Solih assumed office on 17 November 2018, following the end of Abdulla Yameen's 5-year term. Solih became the 7th president of the Maldives, and the country's third democratically elected president, following Mohamed Nasheed and Abdulla Yameen, since Nasheed unseated Maumoon Abdul Gayoom in the 2008 election, ending the latter's 30-year long, six-term incumbency. Solih is the first Maldivian president to be born outside the capital of Malé, as well as the second-oldest person to assume the presidency, at the age of 54, with only Mohamed Waheed Hassan Manik being older when taking office.

On 19 November 2019, Solih announced that the Maldives would rejoin the Commonwealth of Nations, a decision recommended by his cabinet, considering that the Maldives was a republic in the Commonwealth of Nations from 1982 to 2016. Solih became a Commonwealth head of government and a Commonwealth head of state when the Maldives returned to the Commonwealth on 1 February 2020.

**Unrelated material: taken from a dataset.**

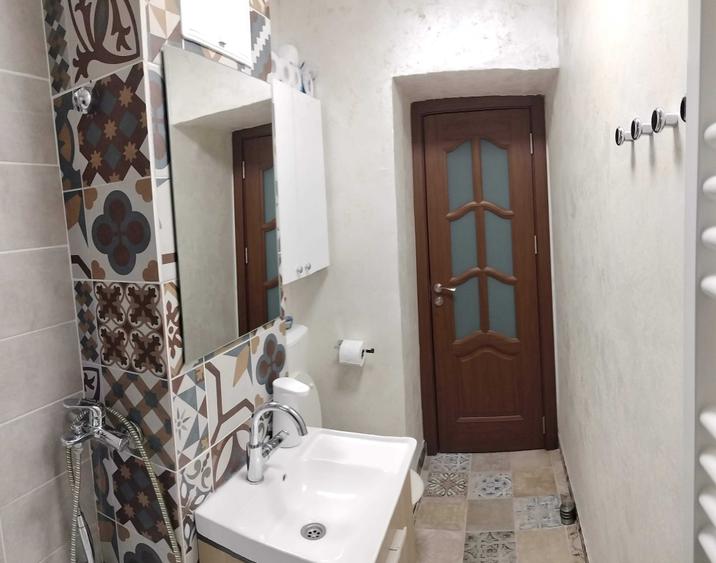 Apartament cu 3 camere semidecomandat în Popoveni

His government also sought to pursue closer relations with India. This was contrary to former president, Abdulla Yameen who pursued closer relations with China, implicating India. Solih reaffirmed the country's previous "India-First Policy" stance in regards to the country's foreign affairs.

In the April 2019 Maldivian parliamentary election, the Maldivian Democratic Party (MDP) won in a landslide victory, winning 65 of 87 seats in the parliament. This was the first time a single party was able to get a supermajority in Maldivian history.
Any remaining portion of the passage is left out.